Your weekly reminder that Topps doesn’t care

Your weekly reminder that Topps doesn’t care

I didn’t realize until a few days ago that Topps had released its Archives brand.

I don’t know how anyone keeps track. The archive’s arrival is a week, maybe two, after Allen and Ginter’s arrival. And that came shortly after Topps Holiday debuted, which seemed to be released pretty much on top of Topps Update.

All of this came after months of almost no new releases at all – or none that the average plebe collector (that’s me!) would notice.

This doesn’t seem very consumer friendly. I can’t focus on four new products coming together around the holidays if my money is tied up finding gifts for others. But I’m sure Topps/Fanatics wouldn’t care. This release schedule is probably the best way to ‘maximize profits’, which seems to be the only goal in business these days.

So no, I haven’t had time to buy any archives. And no Allen & Ginter either. I decided to pass on Holiday and I secured Update with one purchase of the Dodgers team set. This means I needed the interwebs to show me this:

As Charlie Brown would say in “A Charlie Brown Christmas”: I can’t stand it.

Here, Carl Yastrzemski’s 2025 archive card is misspelled… twice. YASTZRESMKI is not his name.

We just discussed this with Archives last year (well, earlier this year), when the 2024 set spelled out poor Carl’s name in the same way.

I don’t even know how they came up with that combination of letters. It takes all the concentration I can muster to spell it like that – wrong. But apparently the people who work on Archives think that’s how it’s spelled, because here it is, spelled exactly the same incorrect way for the second year in a row.

It’s baffling that someone didn’t bother to double check the name by doing a simple online search. It’s clear that people there aren’t that familiar with the player. Wouldn’t you do that just to be sure? He has 11 letters in his last name!

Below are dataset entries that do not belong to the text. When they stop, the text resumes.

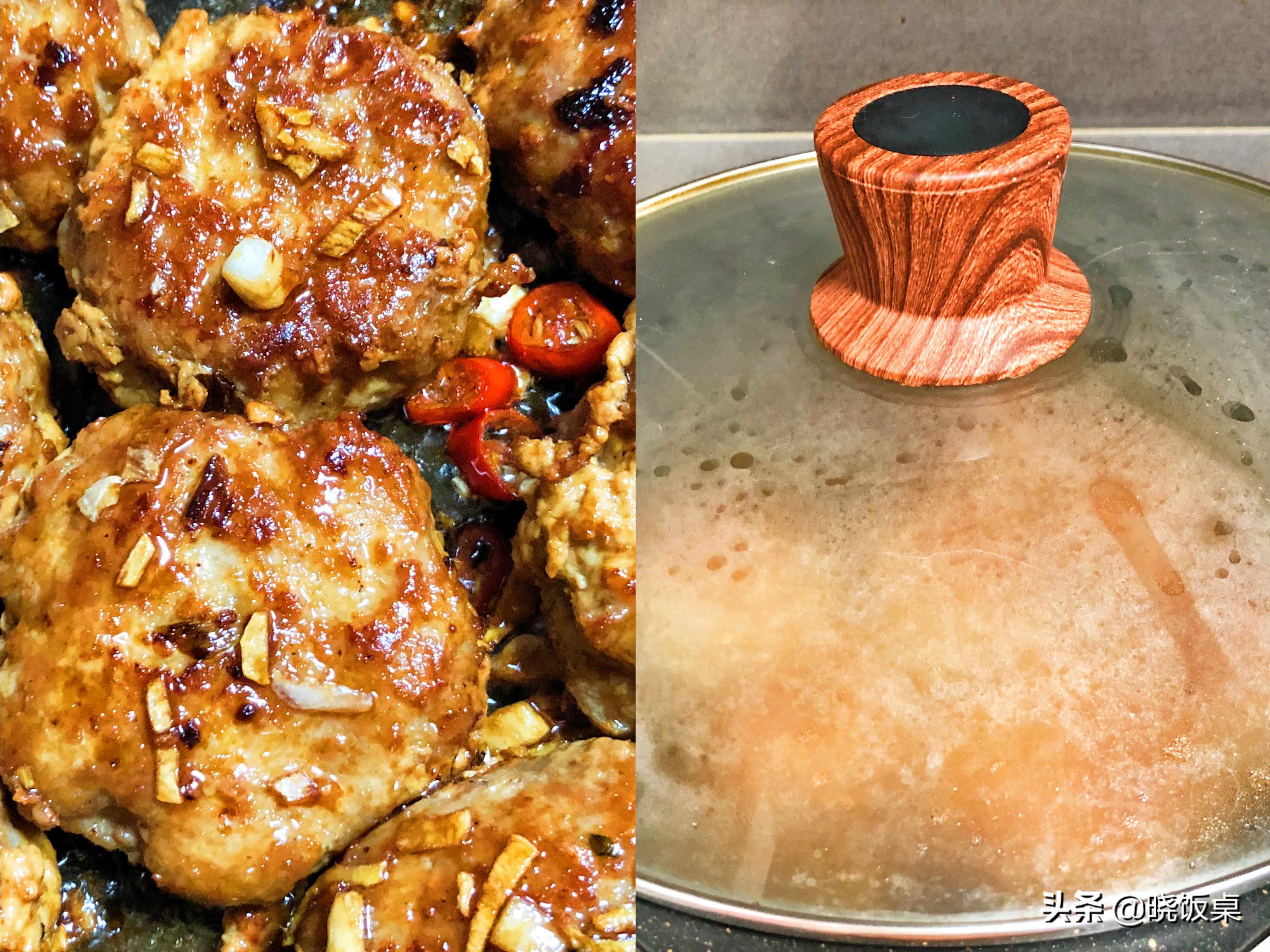 The classic Lu Cai Nan fried meatballs, the meat is fragrant, tender ...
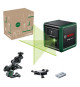 Laser lignes Bosch - Quigo Green (Livré avec 2 piles, une pince universelle MM2 et 1 adaptation de fixation)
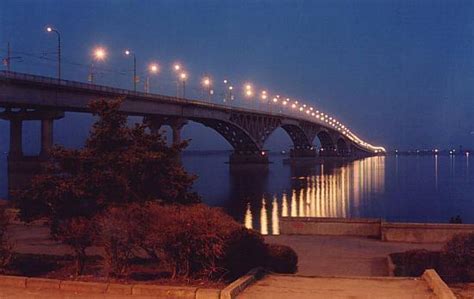 Saratov Bridge - Saratov | road bridge, 1965_construction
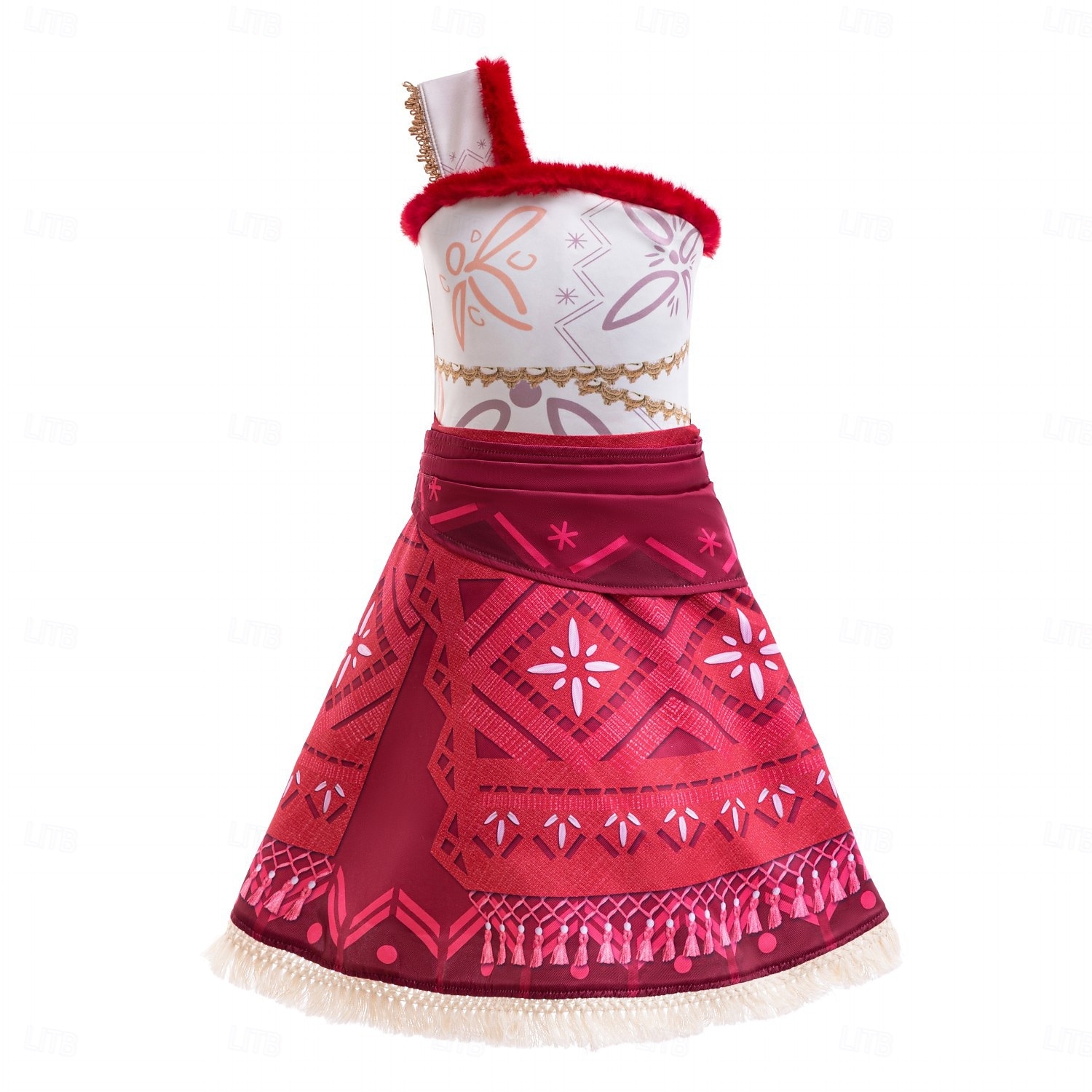 Moana Prinzessin Moana Kleid Kostüm Film- und TV-Themenkostüme Film Cosplay for Mädchen Kinder Karneval Kindertag Welttag des Buches Party Geburtstag Strand 2025 - $35.99 –P2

But it’s even more baffling because I just posted in February about Topps’ problems with the name. And there was that hiccup with his grandson’s name in 2022. Not only that, I wrote a whole article in a national magazine about misspelled names on cards. And the Yastrzemski problem led the entire article!

Get the name right, Topps!

See, here’s part of the article with both the Mike Yastrzemski and Carl Yastrzemski errors pictured. The spelling errors are different on each card.🤦:

No, I don’t expect a blog post or magazine article to impact an industry in the same way it used to. I’m sure no one at Topps has read these things. And that’s part of the problem.

Topps cares so little about the things traditional collectors care about that it doesn’t bother to get the details right – even details about a Hall of Fame player who the company once had no problem spelling throughout his career. In my article above, I quote a quote from Mike Yastrzemski when Topps misspelled his name in 2022. Mike said: “I actually thought it was really funny.” I wonder if it’s still funny the second and then the third time.

Topps, I mean, Fanatics, cares about some things. These are breakers and flippers. It cares about what they think and what they want and how much money they have. Apparently there is no room for anything else, not for the collectors who have put 40, 50, 60 years into this hobby and mostly with Topps.

Maybe I’m wrong about that. But how can I think otherwise? As someone who has spelled Yastrzemski’s name phonetically in my head (Yast-r-zemski) since I was a child trying to write it down correctly, that’s all I can conclude. Misspelling a player’s name over and over again is sloppy, which is an indication that you don’t care, at least where I come from.

And that’s why I didn’t actually buy Archives. Or Allen & Ginter. Or vacation. Or update.

Because Topps/Fanatics doesn’t care about me.